High-performance computing and 3D numerical wave propagation solvers are refining our understanding of Earth’s deep interior and dynamics that directly control surface processes such as earthquakes and volcanic activity. The goal of this project is to investigate how well recently developed global seismic models based on adjoint tomography and 3D wave simulations (e.g., Bozdag et al. 2016) explain Earth’s mantle. We will compute 3D seismograms using various (an)elastic global models and compare them the observed seismic waveforms of major and more exotic seismic waves.
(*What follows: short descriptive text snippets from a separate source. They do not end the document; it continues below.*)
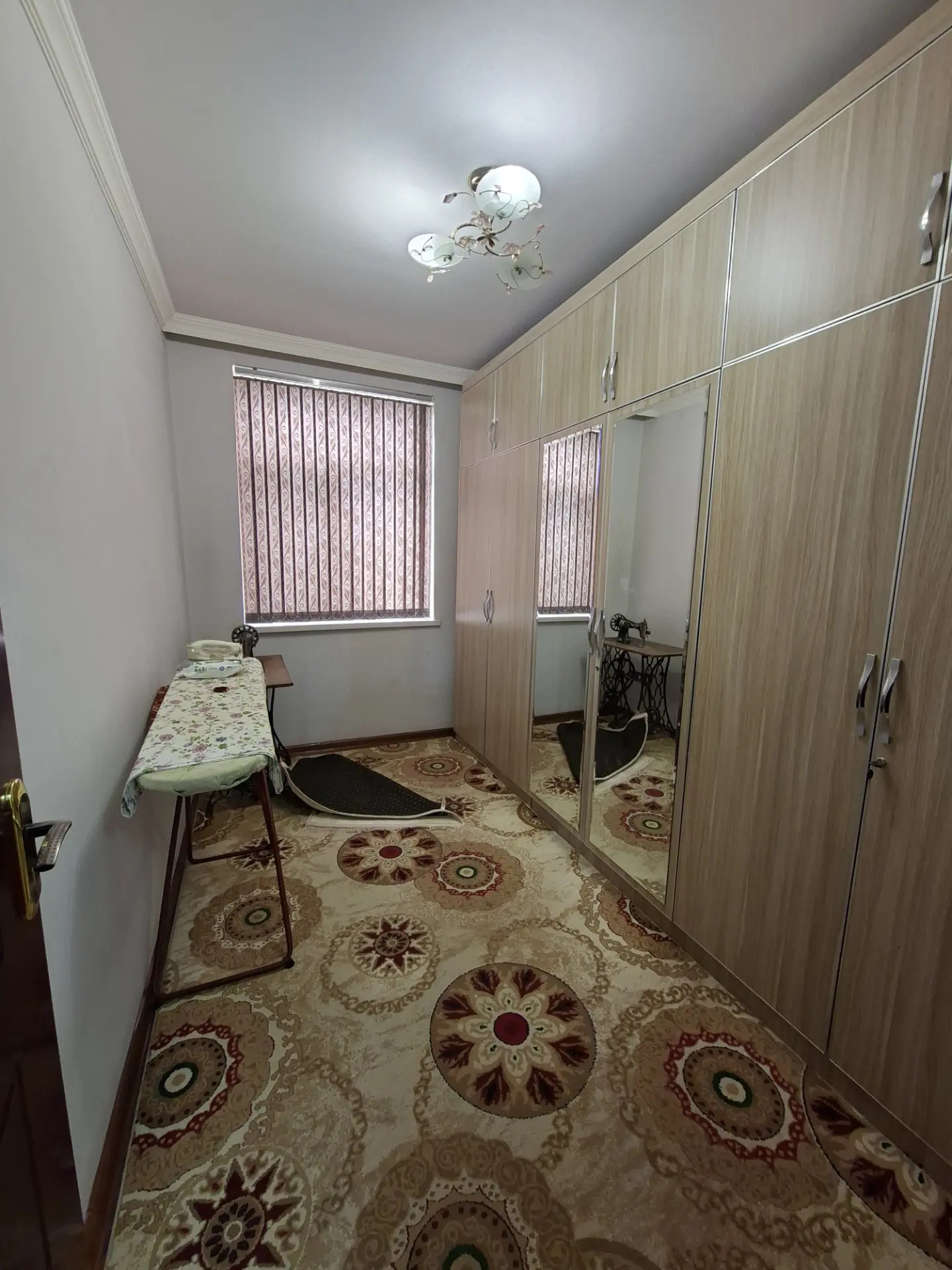 Ipoteka Graždan 3/3 etaž 3 kom - Ашхабад - img 7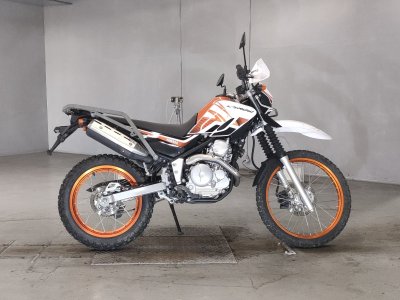 Yamaha SEROW XT250 2018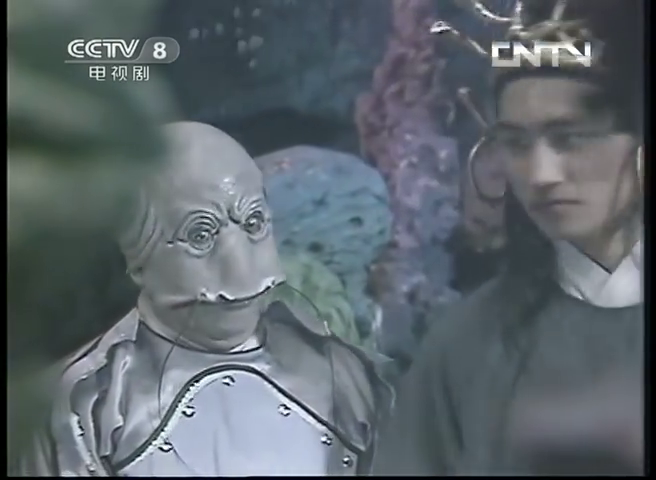 “你去把唐僧师徒除掉！”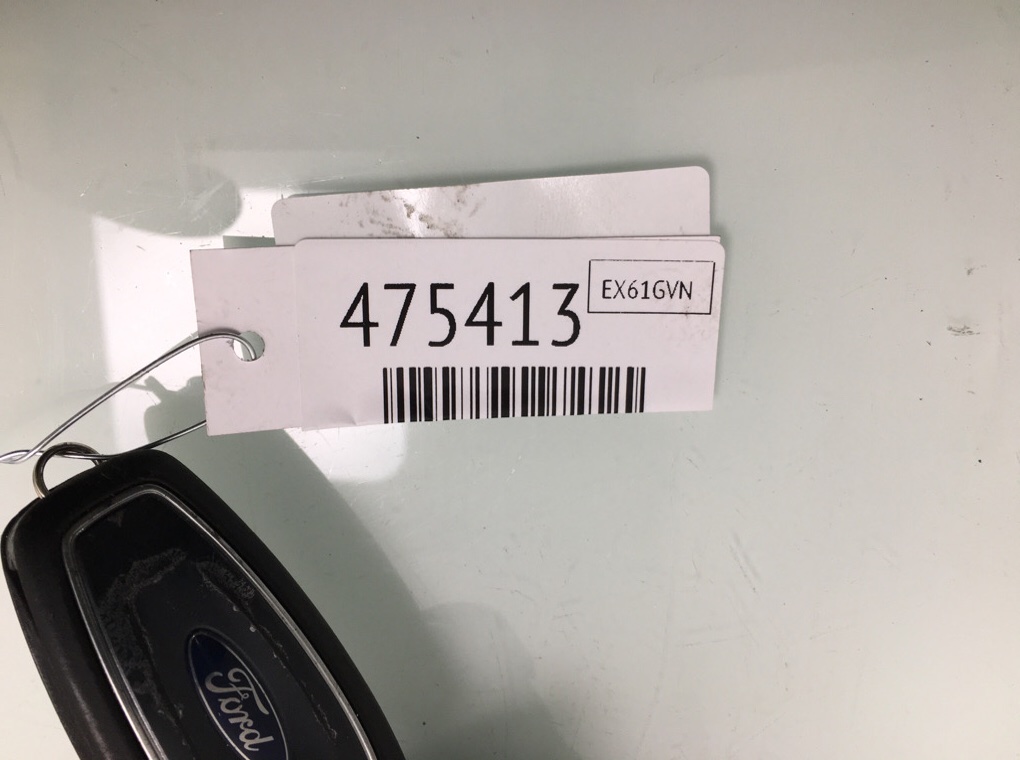 Замок зажигания бу для Ford Focus 3 1.6 TDCi,  2011 г.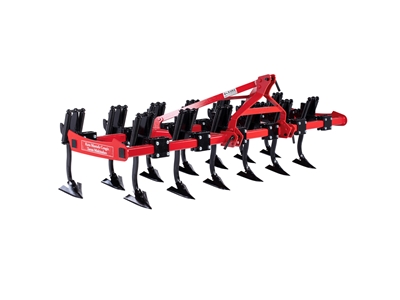 2 Sıra 13 Ayaklı Profilli Kültivatör - 1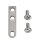Lamello LK Rollspachtelhalter, inkl. 2x Schraube 552822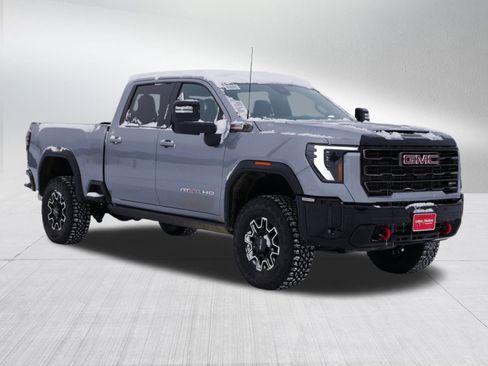 New 2026 GMC Sierra 2500 AT4X image 7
We will perform statistical analysis both globally and regionally focusing on major plume features in the mantle such as at Hawaii, Yellowstone, Iceland, Tahiti, etc. Our systematic statistical analysis will help us to gain insight, for instance, whether long-wavelength scattering and multipathing are as significant as seismic-wave attenuation by Earth’s anelasticity, the effect of uncertainties in earthquake source parameters in imaging. Ultimately, we will be able to better interpret the composition and the dynamical structure of Earth’s mantle down to D” region.

More Information

1) Bozdag, E., Peter, D., Lefebvre, M., Komatitsch, D., Tromp, J., Hill, J., Podhorszki, N. & Pugmire, D., 2016. Global Adjoint Tomography: First-generation model, Geophys. J. Int., 207(3), 1739-1766, doi: 10.1093/gji/ggw356.
2) Komatitsch, D., Ritsema, J., and Tromp, J., 2002. The spectral-element method, Beowulf computing, and global seismology, Science, 298, 1737–1742
3) https://www.olcf.ornl.gov/2017/03/28/a-seismic-mapping-milestone/
4) https://sciencenode.org/feature/riding-the-3d-seismic-wave.php

 

Grand Engineering Challenge: Not applicable

Student Preparation


Qualifications

Basic elastic wave theory, 3rd-year undergraduate mathematics (e.g., Fourier analysis, PDEs) and programming skills (e.g., Python and/or Fortran90/95). Most importantly, enthusiasm and motivation for understanding the structure and dynamics of the Earth and learning & demonstrating new things.

Time Commitment

16-20 hours/month

Skills/Techniques Gained

Numerical simulations of seismic wave propagation (primarily with the spectral-element method)
Global and earthquake seismology
A global-perspective to understand Earth’s interior and its dynamics
Processing and interpreting seismic data
Statistical methods
Ability of running on HPC systems

Mentoring Plan

Student-advisor meetings every week/two weeks.
Student recommended attending graduate level seminars on global geophysics.
Additional interaction with Geophysics graduate students as required.